##### Provided data
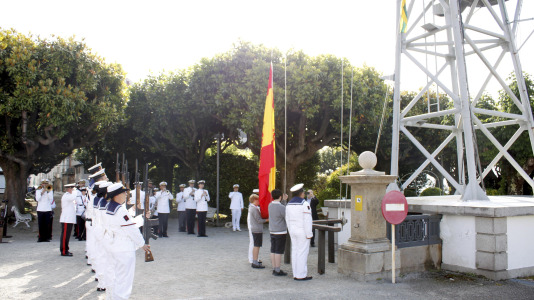 Izado de bandera en Capitania (Gala Polo) (1)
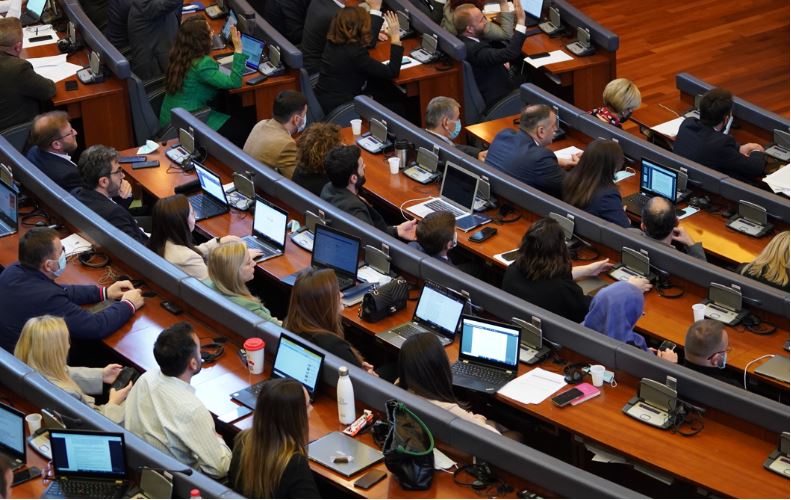 Deputeti i LVV-së i del sërish kundër partisë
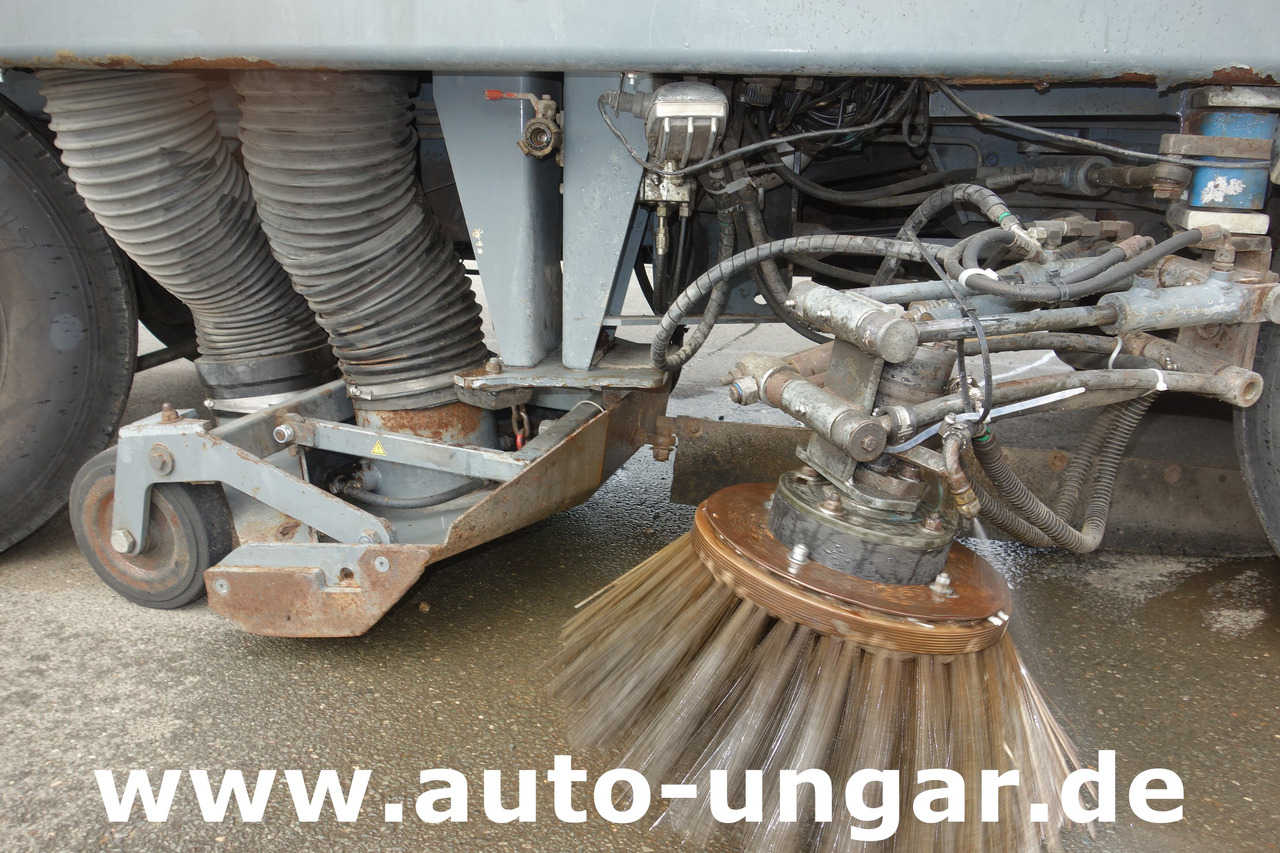 Aebi MFH 5000 Kehrmaschine Baujahr 2004 4-Rad Lenkung Wildkrautbesen - Măturătoare stradală: Foto 5 Aebi MFH 5000 Kehrmaschine Baujahr 2004 4-Rad Lenkung Wildkrautbesen - Măturătoare stradală: Foto 5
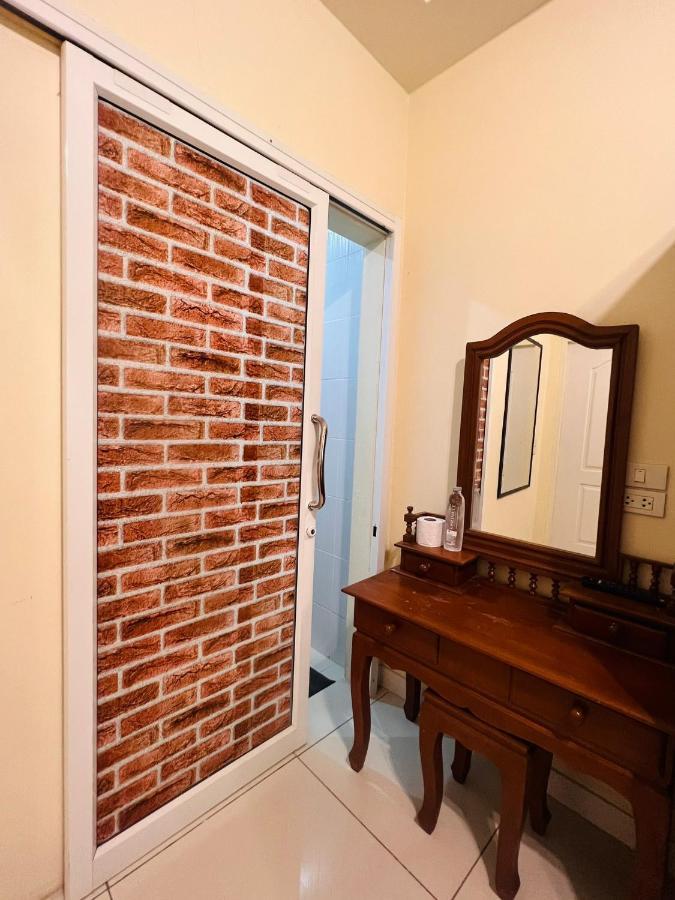Aekkalukthai Hostel Rayong Zewnętrze zdjęcie
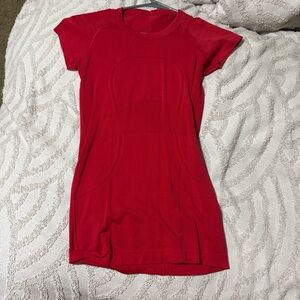 Red lulu short sleeve swiftly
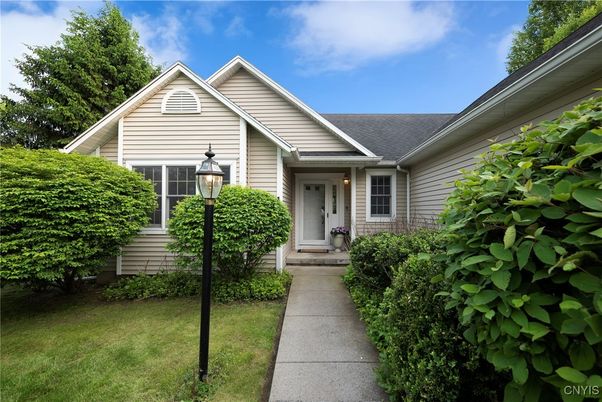 Exterior, Facade, American Craftsman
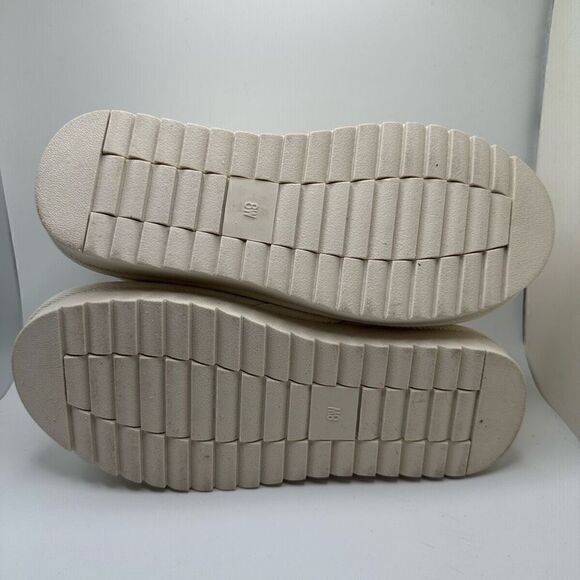 CUSHIONAIRE Women's pull on boot 8 WIDE IVORY - Picture 5 of 7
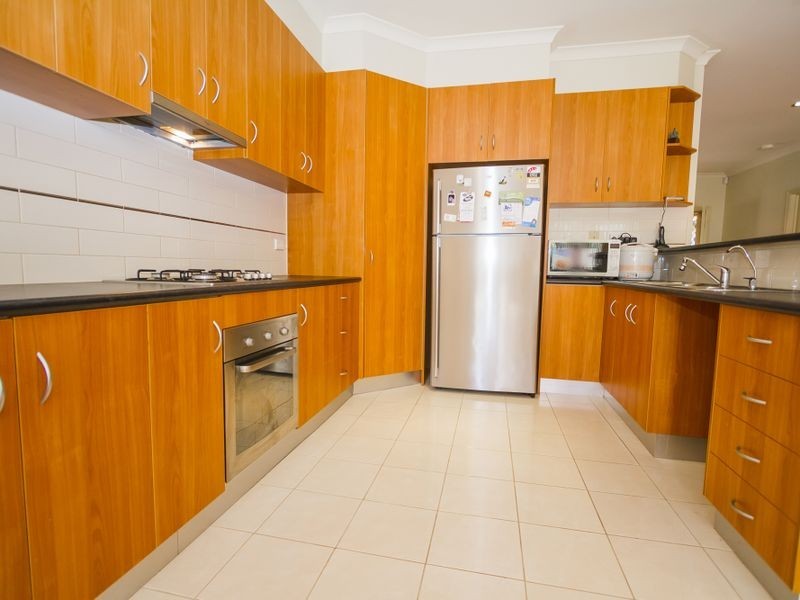 2/39 Banksia Grove, Tullamarine VIC 3043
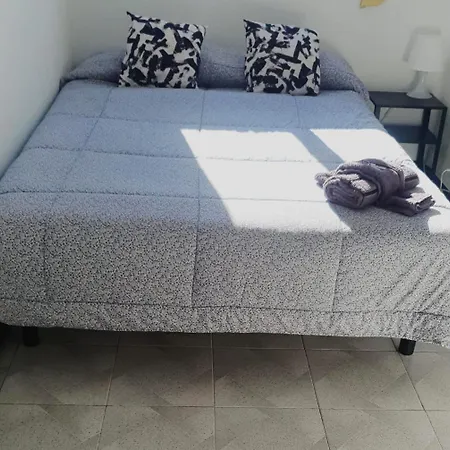 Homestay Individual En Vivienda Compartir Recien Reformada *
##########
*What to work on*: Beginning at the line that contains "Foto 5 Aebi", transcribe it and every later line through the last line of the data above, exactly, and drop the pictures.

*Written response*:
 Aebi MFH 5000 Kehrmaschine Baujahr 2004 4-Rad Lenkung Wildkrautbesen - Măturătoare stradală: Foto 5 Aebi MFH 5000 Kehrmaschine Baujahr 2004 4-Rad Lenkung Wildkrautbesen - Măturătoare stradală: Foto 5
Aekkalukthai Hostel Rayong Zewnętrze zdjęcie
 Red lulu short sleeve swiftly
 Exterior, Facade, American Craftsman
 CUSHIONAIRE Women's pull on boot 8 WIDE IVORY - Picture 5 of 7
 2/39 Banksia Grove, Tullamarine VIC 3043
 Homestay Individual En Vivienda Compartir Recien Reformada *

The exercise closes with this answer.